The implementation of AI and automation in the pharmaceutical sector has far-reaching implications for quality assurance, drug pricing, and accessibility:

·  Quality Assurance (QA): AI-powered predictive analytics can significantly enhance QA by predicting potential defects in drug manufacturing processes and ensuring consistency in production. Machine learning algorithms can analyse large datasets to detect anomalies in real time, reducing the risk of human error and ensuring that only high-quality products reach the market.

·  Drug pricing: Automation in production processes can lower manufacturing costs by increasing efficiency and reducing waste. AI algorithms can optimise supply chains, manage inventories, and predict demand, all of which contribute to cost reductions. These savings can be passed on to consumers, potentially lowering drug prices and making essential medications more affordable.

·  Accessibility: AI can play a transformative role in increasing the accessibility of drugs, especially in developing countries. By optimising distribution networks and predicting the demand for specific drugs in various regions, AI systems can ensure that medications reach underserved areas more effectively. Additionally, AI can aid in developing personalised treatment plans, improving patient outcomes and healthcare delivery in remote regions.

How do you view the balance between industry self-regulation and government oversight?

Balancing industry self-regulation with government oversight is crucial in driving AI adoption in pharma without stifling innovation. Here's a nuanced perspective:

·  Self-regulation: The pharmaceutical industry should proactively adopt ethical AI principles and best practices to guide its AI and automation initiatives. Creating industry-wide standards for AI model development, validation, data handling, and risk management can foster trust among stakeholders and accelerate regulatory approval processes. This proactive approach also positions companies as responsible innovators, leading the way in the ethical use of AI.

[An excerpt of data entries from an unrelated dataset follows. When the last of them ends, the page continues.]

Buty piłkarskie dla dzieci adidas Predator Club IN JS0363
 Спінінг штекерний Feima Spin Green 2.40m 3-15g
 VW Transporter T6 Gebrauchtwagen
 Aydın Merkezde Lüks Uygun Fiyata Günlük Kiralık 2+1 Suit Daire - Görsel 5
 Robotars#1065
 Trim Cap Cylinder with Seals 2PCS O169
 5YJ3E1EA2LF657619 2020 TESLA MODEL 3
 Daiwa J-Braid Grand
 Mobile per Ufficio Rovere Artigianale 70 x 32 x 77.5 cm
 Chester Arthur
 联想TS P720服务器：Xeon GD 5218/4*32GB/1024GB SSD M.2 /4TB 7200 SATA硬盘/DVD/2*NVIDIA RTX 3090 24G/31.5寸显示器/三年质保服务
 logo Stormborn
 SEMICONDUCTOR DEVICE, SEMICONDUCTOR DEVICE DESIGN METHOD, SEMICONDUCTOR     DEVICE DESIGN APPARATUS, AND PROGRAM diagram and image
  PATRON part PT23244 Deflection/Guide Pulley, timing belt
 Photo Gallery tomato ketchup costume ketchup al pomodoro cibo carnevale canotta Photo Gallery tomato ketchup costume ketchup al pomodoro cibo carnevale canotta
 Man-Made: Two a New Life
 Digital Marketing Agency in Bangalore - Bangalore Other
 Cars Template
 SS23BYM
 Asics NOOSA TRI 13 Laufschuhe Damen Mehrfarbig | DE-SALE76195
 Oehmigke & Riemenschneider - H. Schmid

·  Government oversight: While self-regulation is essential, there must be a robust framework of government oversight to ensure patient safety, data integrity, and fair market practices. Regulatory bodies should focus on creating flexible, outcome-based guidelines that encourage innovation while setting clear boundaries to prevent misuse. Governments could also set up regulatory sandboxes for pharma companies to test AI solutions in controlled environments, allowing for faster iterations and refinement of their technologies.

The ideal scenario involves a collaborative approach where the industry works closely with regulators to co-create policies that balance innovation with compliance, ensuring that AI and automation drive positive health outcomes without compromising ethical standards.

What strategies do you recommend for addressing workforce displacement?

Workforce displacement is a significant concern as automation and AI technologies become more pervasive in the pharma industry. The key to addressing this challenge lies in a combination of proactive workforce development and creating new job roles:

·  Reskilling and upskilling programs: Companies should invest in comprehensive training programs to help their workforce transition into roles that require more analytical and technical skills. Reskilling initiatives should focus on areas such as data science, AI model management, and digital operations in pharmaceutical settings. Government incentives for reskilling programs can further enhance these efforts.

·  Human-AI collaboration: Rather than replacing jobs, the focus should be on augmenting human capabilities with AI tools. For example, automating routine tasks in clinical trials or drug manufacturing allows professionals to focus on strategic decision-making, complex problem-solving, and innovation.

·  Creating new job roles: The rise of AI in the pharma industry will lead to new job roles that didn’t exist before, such as AI ethics officers, data governance specialists, and automation strategists. Companies should work with educational institutions to align curricula with industry needs, ensuring a steady supply of talent for these emerging roles.